A superb wedge-hit third shot by Van Der Nagel to within gimme distance on the par-5 16th squared the match, and he sank a clutch 6-footer on the 17th for the half.
Van Der Nagel had a chance to close out a comeback win on the 18th but left his 18-footer birdie effort agonisingly short and the pair headed back to the first tee for a sudden-death playoff.
The shot of the final came on that par-5 hole. Smith missed the fairway right and while it was a reasonable lie, the ball was sitting in the rough above his feet with a large tree uncomfortably near his line.
He pulled out a 3-wood and flushed his ball to 15-feet of the hole.
Van Der Nagel had crushed his drive down the middle and his 5-iron-struck shot found the heart of the green. His 30-foot eagle putt burned the edge of the hole and he watched nervously as Smith missed his eagle attempt.
Van Der Nagel made what proved a fatal mistake on the par-3 20th, putting his 9-iron tee shot into the left bunker.
Smith hit a 6-iron tee shot under pressure to the front right, and after Van Der Nagel left his sand shot short and missed his par putt, Smith slotted a 2-footer for the title.
Walking back to the clubhouse afterwards, Smith paid tribute to his mate.
“If there was anyone I was going to lose to, I would have been happy if it was him.”
Van Der Nagel was likewise complimentary of his mate who he has been encouraging to play more.
Van Der Nagel is one of two selectors for the BoP masters squad. There is a quadrangular to be played early next month before the team are finalised and Smith, on this showing and having led BoP to several national interprovincial titles in the past, is clearly in the mix.
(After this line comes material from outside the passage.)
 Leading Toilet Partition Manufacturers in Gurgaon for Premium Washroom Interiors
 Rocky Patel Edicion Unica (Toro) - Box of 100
In his prize-giving speech, Smith lauded the quality of the course, saying he had been “privileged” to have played great courses in his career and Poverty Bay was up there with the best.
Second 16 winner David Solomann, from Gisborne but now playing at Whitford Park in Auckland, also heaped praise on the course and greenkeeping staff led by William Brown — the reigning PB Open champion who was unable to play due to a recent operation.
Solomann described it as “a treasure”.
Solomann chipped in for birdie on the 16th to win his final over Electrinet Park Ian Loffler, who deserved special mention for his attrition.
Loffler played six rounds over three days, then had to go back out yesterday for the Park intermediate men’s club championship final. He lost to Tom Reynolds.
Other division winners at the PB Open were Allan White (Poverty Bay, third 16); Carl Carmody (PB, fourth 16); Barry Matthews (Titirangi, fifth 16; Joe Tuoro (Hastings, sixth 16); and John Pittar (PB, seventh 16).
The tournament action came to a climax with the E&H/BDO Nearest Pin Challenge featuring seven finalists. Poverty Bay’s Deevon Gray put one of his two 100-metre attempts closest to the hole to win the $1000 Prezzy Card.
In what is surely a first at any tournament at Poverty Bay let alone the Open, two players — Marcel Campbell (Poverty Bay) and Chris Coleman (Hastings) — twice each made eagles on the 290m par-4 14th (usually the 10th) hole.
The pair drove the green each time — one of Campbell’s efforts finishing centimetres away from what would have been a historic hole-in-one.